:: PROVIDED ENTRIES

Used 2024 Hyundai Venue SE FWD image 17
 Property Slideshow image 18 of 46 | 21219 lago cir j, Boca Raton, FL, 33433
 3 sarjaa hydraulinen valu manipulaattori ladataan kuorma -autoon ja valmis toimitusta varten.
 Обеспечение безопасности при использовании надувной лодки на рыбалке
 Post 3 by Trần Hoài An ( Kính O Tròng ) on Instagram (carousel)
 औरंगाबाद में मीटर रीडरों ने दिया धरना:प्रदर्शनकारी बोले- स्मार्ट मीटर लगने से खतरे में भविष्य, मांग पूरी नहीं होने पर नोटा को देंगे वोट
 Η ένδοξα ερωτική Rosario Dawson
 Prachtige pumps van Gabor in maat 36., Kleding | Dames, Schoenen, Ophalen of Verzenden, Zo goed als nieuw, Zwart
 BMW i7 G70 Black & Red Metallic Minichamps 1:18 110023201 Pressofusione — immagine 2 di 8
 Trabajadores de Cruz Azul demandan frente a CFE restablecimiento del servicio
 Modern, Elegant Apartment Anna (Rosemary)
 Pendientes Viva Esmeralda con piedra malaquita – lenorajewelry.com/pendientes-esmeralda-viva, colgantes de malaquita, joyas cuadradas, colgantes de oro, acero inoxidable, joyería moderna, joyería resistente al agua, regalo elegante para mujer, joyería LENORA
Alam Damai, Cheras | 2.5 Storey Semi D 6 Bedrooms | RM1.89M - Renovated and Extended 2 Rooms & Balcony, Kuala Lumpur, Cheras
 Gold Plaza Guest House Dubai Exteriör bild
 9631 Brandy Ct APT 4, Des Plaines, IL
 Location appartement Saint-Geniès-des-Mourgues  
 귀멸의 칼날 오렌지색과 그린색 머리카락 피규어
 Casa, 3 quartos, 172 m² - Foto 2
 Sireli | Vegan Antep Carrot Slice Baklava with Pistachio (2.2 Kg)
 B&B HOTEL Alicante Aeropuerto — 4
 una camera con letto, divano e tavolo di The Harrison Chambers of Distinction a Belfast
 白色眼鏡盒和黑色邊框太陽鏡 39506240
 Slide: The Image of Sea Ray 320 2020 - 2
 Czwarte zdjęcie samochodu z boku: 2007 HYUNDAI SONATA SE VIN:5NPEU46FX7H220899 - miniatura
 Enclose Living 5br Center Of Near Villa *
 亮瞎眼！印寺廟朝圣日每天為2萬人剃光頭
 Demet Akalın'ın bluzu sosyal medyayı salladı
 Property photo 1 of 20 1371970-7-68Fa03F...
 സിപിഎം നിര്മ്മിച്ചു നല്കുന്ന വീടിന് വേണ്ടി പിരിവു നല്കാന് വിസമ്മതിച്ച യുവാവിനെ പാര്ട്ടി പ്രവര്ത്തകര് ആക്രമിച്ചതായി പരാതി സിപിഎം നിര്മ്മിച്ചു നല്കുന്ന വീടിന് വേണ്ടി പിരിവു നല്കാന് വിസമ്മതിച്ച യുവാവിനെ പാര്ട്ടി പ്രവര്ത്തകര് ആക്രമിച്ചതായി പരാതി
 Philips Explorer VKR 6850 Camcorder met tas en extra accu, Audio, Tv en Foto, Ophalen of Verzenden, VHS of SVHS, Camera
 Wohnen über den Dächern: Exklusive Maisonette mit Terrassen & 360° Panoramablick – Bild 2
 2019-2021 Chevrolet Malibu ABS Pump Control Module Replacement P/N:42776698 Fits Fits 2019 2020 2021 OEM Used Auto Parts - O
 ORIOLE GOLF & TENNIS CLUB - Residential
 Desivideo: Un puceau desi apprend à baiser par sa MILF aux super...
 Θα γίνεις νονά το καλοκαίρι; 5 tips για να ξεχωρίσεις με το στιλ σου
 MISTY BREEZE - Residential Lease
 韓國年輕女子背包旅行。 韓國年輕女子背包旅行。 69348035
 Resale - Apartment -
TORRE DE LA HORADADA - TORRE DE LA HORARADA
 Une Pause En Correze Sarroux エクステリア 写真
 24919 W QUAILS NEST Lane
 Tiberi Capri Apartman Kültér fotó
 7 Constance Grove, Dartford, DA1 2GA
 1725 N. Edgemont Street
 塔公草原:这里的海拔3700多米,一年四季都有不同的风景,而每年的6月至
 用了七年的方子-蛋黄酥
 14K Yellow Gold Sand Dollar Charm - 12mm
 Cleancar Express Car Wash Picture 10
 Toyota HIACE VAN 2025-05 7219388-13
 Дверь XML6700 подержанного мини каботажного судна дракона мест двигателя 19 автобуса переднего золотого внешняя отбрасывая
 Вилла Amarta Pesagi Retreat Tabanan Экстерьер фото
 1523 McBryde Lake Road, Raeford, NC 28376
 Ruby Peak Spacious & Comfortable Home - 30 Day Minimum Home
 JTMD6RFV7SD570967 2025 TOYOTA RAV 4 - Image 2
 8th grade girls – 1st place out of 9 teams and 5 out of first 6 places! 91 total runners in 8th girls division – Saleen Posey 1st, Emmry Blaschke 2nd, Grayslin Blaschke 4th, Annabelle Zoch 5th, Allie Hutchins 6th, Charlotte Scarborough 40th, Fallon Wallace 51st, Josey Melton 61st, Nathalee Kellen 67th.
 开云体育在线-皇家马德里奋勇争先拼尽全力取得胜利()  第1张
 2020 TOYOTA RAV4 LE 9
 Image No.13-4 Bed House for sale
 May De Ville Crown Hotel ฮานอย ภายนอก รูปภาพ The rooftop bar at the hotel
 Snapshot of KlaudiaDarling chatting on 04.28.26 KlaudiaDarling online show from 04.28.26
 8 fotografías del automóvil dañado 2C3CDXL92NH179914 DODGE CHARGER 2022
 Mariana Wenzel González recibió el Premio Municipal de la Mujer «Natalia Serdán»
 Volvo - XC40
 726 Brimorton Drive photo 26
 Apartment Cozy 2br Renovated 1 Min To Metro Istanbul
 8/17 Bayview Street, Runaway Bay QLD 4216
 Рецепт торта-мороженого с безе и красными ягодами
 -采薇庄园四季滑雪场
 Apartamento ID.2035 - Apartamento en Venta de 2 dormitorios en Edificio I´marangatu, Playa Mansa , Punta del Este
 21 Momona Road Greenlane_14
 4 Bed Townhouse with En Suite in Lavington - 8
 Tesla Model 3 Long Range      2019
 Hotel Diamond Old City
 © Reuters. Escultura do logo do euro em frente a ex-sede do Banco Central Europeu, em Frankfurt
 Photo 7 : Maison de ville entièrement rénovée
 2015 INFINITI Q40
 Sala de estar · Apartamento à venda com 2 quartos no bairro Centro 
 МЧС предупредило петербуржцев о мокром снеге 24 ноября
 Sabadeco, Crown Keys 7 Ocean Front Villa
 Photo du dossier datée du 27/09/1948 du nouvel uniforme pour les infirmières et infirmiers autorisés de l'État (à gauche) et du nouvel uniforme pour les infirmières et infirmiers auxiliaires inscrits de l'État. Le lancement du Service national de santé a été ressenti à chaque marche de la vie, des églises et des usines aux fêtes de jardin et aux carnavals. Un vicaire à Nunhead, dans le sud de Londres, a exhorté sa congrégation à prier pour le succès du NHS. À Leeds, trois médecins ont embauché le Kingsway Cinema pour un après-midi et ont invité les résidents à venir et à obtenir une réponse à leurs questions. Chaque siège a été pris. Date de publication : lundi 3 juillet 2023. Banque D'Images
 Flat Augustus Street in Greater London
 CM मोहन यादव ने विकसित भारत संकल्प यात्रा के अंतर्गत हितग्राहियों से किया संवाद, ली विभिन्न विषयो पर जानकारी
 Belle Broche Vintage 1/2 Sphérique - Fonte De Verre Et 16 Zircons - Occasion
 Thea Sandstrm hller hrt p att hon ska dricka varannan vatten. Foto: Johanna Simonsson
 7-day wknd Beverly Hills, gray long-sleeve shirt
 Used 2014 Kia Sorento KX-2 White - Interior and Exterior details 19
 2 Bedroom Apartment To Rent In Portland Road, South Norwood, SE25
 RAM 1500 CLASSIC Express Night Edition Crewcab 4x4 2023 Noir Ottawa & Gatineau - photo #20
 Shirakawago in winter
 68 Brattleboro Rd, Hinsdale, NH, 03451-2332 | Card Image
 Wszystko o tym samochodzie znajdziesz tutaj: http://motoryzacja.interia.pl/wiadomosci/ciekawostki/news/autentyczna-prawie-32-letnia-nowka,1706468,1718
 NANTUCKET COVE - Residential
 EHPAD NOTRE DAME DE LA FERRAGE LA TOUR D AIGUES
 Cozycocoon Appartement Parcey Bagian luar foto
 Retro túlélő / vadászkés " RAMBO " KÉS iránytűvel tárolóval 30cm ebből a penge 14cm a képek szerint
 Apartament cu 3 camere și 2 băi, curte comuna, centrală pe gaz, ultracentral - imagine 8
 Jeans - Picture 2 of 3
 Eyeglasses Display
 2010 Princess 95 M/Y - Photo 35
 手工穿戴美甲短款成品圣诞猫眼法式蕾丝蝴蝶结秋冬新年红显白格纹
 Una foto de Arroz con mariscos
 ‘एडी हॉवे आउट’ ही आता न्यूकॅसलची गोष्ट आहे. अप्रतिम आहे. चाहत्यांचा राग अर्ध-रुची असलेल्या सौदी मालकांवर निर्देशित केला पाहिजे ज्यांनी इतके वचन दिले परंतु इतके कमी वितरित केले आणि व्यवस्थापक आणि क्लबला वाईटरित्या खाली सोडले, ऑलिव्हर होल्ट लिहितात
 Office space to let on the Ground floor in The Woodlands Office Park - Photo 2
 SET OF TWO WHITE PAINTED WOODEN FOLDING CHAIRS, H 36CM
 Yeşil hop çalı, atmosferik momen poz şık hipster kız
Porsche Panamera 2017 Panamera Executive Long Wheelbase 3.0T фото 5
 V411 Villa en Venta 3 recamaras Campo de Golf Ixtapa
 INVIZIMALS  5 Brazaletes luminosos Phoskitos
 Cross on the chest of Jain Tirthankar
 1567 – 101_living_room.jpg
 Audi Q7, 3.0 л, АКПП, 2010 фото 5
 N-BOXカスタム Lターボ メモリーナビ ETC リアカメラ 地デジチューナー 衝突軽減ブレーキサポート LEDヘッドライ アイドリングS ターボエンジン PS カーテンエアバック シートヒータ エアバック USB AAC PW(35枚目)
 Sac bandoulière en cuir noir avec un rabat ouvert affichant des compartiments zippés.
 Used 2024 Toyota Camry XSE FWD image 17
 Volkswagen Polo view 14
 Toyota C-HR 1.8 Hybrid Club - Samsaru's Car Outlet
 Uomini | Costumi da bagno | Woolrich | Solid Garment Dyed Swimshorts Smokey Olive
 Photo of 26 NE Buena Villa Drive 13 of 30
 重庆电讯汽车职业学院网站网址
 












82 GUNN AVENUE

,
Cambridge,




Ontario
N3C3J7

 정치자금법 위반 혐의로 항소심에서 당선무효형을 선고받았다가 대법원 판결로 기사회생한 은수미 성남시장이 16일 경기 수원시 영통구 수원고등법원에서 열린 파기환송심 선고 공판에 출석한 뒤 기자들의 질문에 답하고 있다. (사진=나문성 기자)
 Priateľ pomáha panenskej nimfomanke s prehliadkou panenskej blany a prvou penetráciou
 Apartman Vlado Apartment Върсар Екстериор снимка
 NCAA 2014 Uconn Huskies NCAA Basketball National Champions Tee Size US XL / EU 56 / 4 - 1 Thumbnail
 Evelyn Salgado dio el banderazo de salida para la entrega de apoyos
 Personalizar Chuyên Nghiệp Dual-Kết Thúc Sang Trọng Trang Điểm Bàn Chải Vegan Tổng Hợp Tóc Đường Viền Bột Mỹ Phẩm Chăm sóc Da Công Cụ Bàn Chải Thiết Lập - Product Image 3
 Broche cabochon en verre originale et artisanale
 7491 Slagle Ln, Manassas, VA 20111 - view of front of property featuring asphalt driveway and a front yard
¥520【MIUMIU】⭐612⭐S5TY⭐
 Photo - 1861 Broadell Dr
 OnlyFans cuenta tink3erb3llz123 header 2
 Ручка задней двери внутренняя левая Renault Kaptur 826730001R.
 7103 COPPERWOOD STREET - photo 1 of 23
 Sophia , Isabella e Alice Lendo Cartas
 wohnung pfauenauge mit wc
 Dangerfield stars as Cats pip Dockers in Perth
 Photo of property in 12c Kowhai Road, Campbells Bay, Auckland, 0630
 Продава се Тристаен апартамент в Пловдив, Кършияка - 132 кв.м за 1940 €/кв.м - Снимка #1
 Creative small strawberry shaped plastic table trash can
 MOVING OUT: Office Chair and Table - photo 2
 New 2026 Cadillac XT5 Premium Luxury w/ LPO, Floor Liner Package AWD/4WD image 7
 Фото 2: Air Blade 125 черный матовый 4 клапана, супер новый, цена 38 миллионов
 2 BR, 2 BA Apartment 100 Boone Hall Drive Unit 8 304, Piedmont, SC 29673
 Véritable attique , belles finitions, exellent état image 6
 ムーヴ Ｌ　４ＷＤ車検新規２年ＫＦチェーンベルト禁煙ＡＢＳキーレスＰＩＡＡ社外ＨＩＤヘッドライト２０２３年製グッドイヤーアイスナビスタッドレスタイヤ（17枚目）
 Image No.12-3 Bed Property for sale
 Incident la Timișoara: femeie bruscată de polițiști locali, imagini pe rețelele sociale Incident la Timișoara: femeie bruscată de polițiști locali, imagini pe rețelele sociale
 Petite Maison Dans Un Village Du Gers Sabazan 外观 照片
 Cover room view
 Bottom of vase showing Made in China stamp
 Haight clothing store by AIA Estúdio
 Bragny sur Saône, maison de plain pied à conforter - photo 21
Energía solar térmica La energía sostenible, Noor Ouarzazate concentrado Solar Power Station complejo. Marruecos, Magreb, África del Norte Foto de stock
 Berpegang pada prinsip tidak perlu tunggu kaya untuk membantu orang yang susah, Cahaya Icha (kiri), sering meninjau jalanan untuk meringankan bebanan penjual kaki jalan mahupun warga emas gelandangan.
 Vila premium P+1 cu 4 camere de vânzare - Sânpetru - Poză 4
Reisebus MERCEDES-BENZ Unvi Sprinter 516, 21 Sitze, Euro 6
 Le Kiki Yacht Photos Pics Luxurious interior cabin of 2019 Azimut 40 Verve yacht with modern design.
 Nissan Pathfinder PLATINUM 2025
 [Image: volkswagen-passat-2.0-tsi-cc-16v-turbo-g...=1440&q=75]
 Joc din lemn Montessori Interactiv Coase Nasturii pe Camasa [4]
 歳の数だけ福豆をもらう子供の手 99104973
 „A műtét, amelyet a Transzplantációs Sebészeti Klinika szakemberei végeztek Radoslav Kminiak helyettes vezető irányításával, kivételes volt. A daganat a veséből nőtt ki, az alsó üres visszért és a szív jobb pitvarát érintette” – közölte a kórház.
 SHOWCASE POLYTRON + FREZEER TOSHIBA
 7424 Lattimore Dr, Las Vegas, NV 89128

::::

• WHAT THE TASK ASKS: In the listing above, find the line with "3 sarjaa hydraulinen" and the line with "Post 3 by Trần", then reproduce both and every line between them exactly.

• ANSWER TO THE PROBLEM:
 3 sarjaa hydraulinen valu manipulaattori ladataan kuorma -autoon ja valmis toimitusta varten.
 Обеспечение безопасности при использовании надувной лодки на рыбалке
 Post 3 by Trần Hoài An ( Kính O Tròng ) on Instagram (carousel)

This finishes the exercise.